Larry Amy is back at it again. Connoisseurs of the fiber fight will recall Amy’s time on the stage during the anti-fiber fight. In a series of letters mostly found in the Independent Amy started out a simple ideological opponent of the plan (expressing the idea that fiber is good but private corporations should control it) but rapidly matured into a proponent of wireless who dismissed fiber as unexciting and embraced wireless as a cheaper alternative. Mike Stagg, a principle on these pages, responded in the Independent to the later-stage Amy claims about LUS’ fiber plan. Readers who’d like a little refresher on that basic argument of fiber vs. wireless are referred back to Mike’s essay.

The ongoing problem with Amy’s various analyses is that he wants his reader to believe his opinion is based on technical rationales rather than his ideological position. There’s nothing wrong with having ideologically-based judgments on political issues–unless those commitments lead you to misrepresent the evidence you place before the community.

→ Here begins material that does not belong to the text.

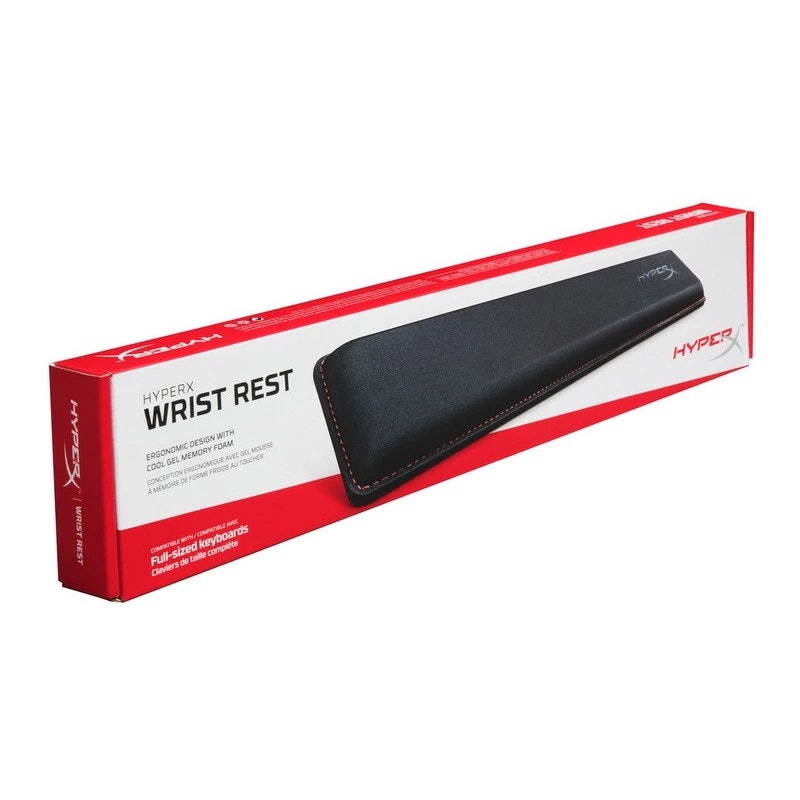 Wrist Rest 3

In this case it is simply untrue that the chief problem with LUS’ fiber that the business plan is not viable. The evidence is overwhelming that the fiber plan will be successful–not based on what its proponents say but on the level of panic displayed by BellSouth and Cox who have, at each and every turn, opposed the plan and when they failed taken action to delay the plan’s implementation and have pursued laws, regulations, and lawsuits designed chiefly to drive up the costs to local citizens who purchase LUS’ product. If you have any doubt as to the financial
viability of Lafayette’s plan you have only to look at how the specter of competition from LUS has driven to blood-enemies into an alliance to oppose the express will of the community.

That’s proof I think anyone not blinded by ideology could understand.

As to Amy’s return to the theme of “wireless is the wave of the future:” he’s missed the mark. Big Broadband is the wave of the future. Really big broadband at 100 meg to a gig or more. It will enable astonishingly cheap “downloadable” high definition “TV,” telephony that you will hardly recognize as it integrates itself into all sorts of appliances and, most significantly for the present discussion, wireless mobility. It remains uncertain whether WiFi, WiMax, or some form of cellular 3G will dominate in that wireless space. What is certain is that if it is to be available to the whole community with even the bandwidth capacity of current wired services–say 5 or 6 megs–it will have to be funded by a dense fiber network.

We need to build the crucial technology, fiber, first. Wireless built on top of a real broadband network will be not only cheaper but vastly more useful.

The fiber fight, appears to be heating up again, at least in letters to the editor. It’s worth noticing that the arguments against are the same that failed to convince Lafayette before the election.